Dataset extract →
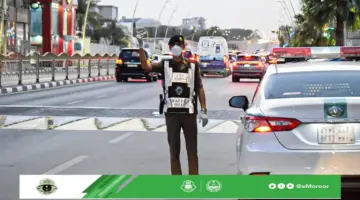 " المرور" يكشف حالات التزام قائد المركبة أقصى الجانب الأيمن من الطريق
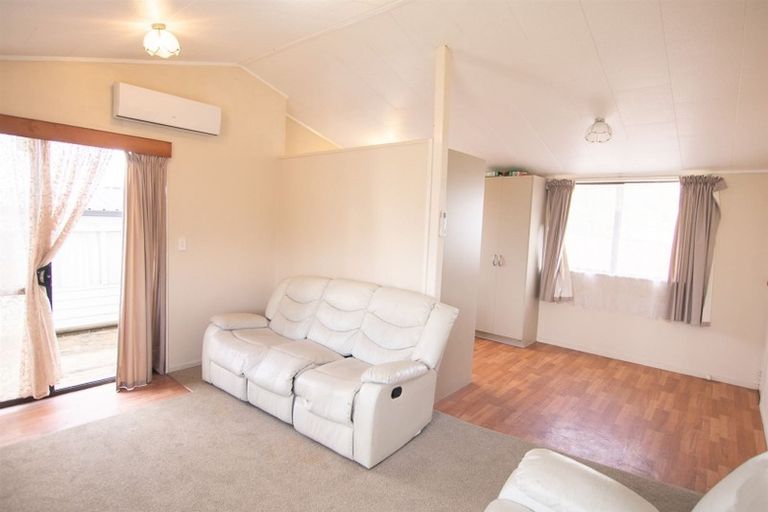 Photo of property in 1/45 Dominion Road, Papakura, 2110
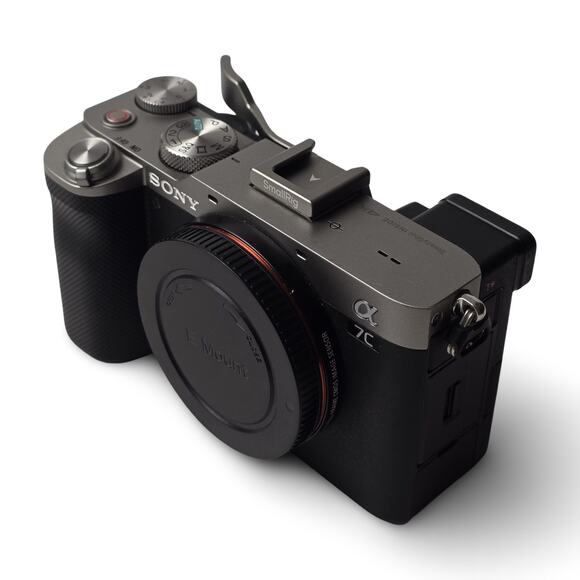 Sony a7C (Low Shutter) Camera + Smallrig Cage & More - Excellent Condition - Picture 7 of 15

Problem →
A faithful, word-for-word copy of the data is needed; the pictures should not appear in it.

Task response →
 " المرور" يكشف حالات التزام قائد المركبة أقصى الجانب الأيمن من الطريق
 Photo of property in 1/45 Dominion Road, Papakura, 2110
 Sony a7C (Low Shutter) Camera + Smallrig Cage & More - Excellent Condition - Picture 7 of 15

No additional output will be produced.